I'm using docker for my VM's, I stuck with defaults there.I've deleted Flannel using:
kubectl delete -f https://raw.githubusercontent.com/coreos/flannel/master/Documentation/kube-flannel.ymlI've installed Calico using the recommended steps, adjusting the config for my CIDR network 10.0.0.0/16
After rebooting the hosts I see the Calico networks are in place.
It looks though like my deployment isn't too happy for some reason, the pod won't spin up.
pch@master:~/Deployments$ kubectl get deploy,pod NAME READY UP-TO-DATE AVAILABLE AGE deployment.apps/nginx 0/1 1 0 84m NAME READY STATUS RESTARTS AGE pod/nginx-7848d4b86f-zrvnx 0/1 ContainerCreating 0 72s
0 -
looking into the pod it's getting errors, I deleted the deployment and redeployed from the yaml file we created in the exercise. Same issue.

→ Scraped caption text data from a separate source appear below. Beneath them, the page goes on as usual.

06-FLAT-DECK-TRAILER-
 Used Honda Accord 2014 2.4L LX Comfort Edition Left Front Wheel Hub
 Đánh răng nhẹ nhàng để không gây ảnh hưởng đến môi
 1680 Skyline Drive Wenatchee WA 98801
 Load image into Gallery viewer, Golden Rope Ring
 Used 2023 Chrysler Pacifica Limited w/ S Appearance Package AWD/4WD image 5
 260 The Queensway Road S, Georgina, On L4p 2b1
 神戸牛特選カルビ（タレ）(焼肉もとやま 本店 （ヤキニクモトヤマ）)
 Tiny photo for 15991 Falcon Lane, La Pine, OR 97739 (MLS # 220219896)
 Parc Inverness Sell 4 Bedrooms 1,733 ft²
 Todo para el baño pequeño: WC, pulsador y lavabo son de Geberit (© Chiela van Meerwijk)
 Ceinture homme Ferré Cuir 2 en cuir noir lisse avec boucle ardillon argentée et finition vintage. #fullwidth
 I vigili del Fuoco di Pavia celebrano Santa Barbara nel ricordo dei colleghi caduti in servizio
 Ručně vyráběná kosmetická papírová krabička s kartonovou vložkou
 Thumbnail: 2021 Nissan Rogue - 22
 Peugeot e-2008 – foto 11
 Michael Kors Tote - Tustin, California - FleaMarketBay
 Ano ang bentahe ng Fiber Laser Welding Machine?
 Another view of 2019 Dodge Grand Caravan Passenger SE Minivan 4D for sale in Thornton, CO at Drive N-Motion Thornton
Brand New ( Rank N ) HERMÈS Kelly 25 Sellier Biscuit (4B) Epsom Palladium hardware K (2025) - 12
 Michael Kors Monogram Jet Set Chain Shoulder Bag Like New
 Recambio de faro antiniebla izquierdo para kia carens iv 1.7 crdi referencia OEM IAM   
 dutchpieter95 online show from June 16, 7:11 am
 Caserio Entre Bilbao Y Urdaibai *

pch@master:~/Deployments$ kubectl logs nginx-7848d4b86f-4ms4b Error from server (BadRequest): container "nginx" in pod "nginx-7848d4b86f-4ms4b" is waiting to start: ContainerCreating
ah-ha, ok when running kubectl describe pods I see a calico error that's the blocker.
Warning FailedCreatePodSandBox 2m50s kubelet Failed to create pod sandbox: rpc error: code = Unknown desc = failed to set up sandbox container "ced8d79d1a96fa1ef5f47f03cd4910703e86aff693d60e33a5270823dab99658" network for pod "nginx-7848d4b86f-4ms4b": networkPlugin cni failed to set up pod "nginx-7848d4b86f-4ms4b_default" network: stat /var/lib/calico/nodename: no such file or directory: check that the calico/node container is running and has mounted /var/lib/calico/
0 -
Issue is calico pods are crashing.
pch@master:~$ kubectl get pods -n kube-system NAME READY STATUS RESTARTS AGE calico-kube-controllers-58497c65d5-t6nk7 0/1 ContainerCreating 0 75s calico-node-d7t8w 1/1 Running 1 (29m ago) 42m calico-node-rp2cp 0/1 CrashLoopBackOff 17 (2m32s ago) 42m
It looks like the issue might be duplicate IP address between the head (master) node and the worker node.
pch@master:~$ kubectl -n kube-system logs calico-node-rp2cp 2021-09-01 05:22:53.596 [INFO][9] startup/startup.go 713: Using autodetected IPv4 address on interface br-d55a3b06d6c7: 172.18.0.1/16 2021-09-01 05:22:53.596 [INFO][9] startup/startup.go 530: Node IPv4 changed, will check for conflicts 2021-09-01 05:22:53.600 [WARNING][9] startup/startup.go 1074: Calico node 'master' is already using the IPv4 address 172.18.0.1. 2021-09-01 05:22:53.600 [INFO][9] startup/startup.go 360: Clearing out-of-date IPv4 address from this node IP="172.18.0.1/16" 2021-09-01 05:22:53.607 [WARNING][9] startup/utils.go 48: Terminating Calico node failed to start pch@master:~$ calicoctl get nodes -o wide NAME ASN IPV4 IPV6 master (64512) 172.18.0.1/16 worker
Checked Calico support info online, looks like the issue could be the IP_AUTODETECTION_METHOD listed here: https://github.com/projectcalico/calico/issues/1628
Well it's a good thought, I updated the calico config for that by running,
kubectl set env daemonset/calico-node -n kube-system IP_AUTODETECTION_METHOD=can-reach=DESTINATION
This was set successfully. I rebooted my machines, and issue persists...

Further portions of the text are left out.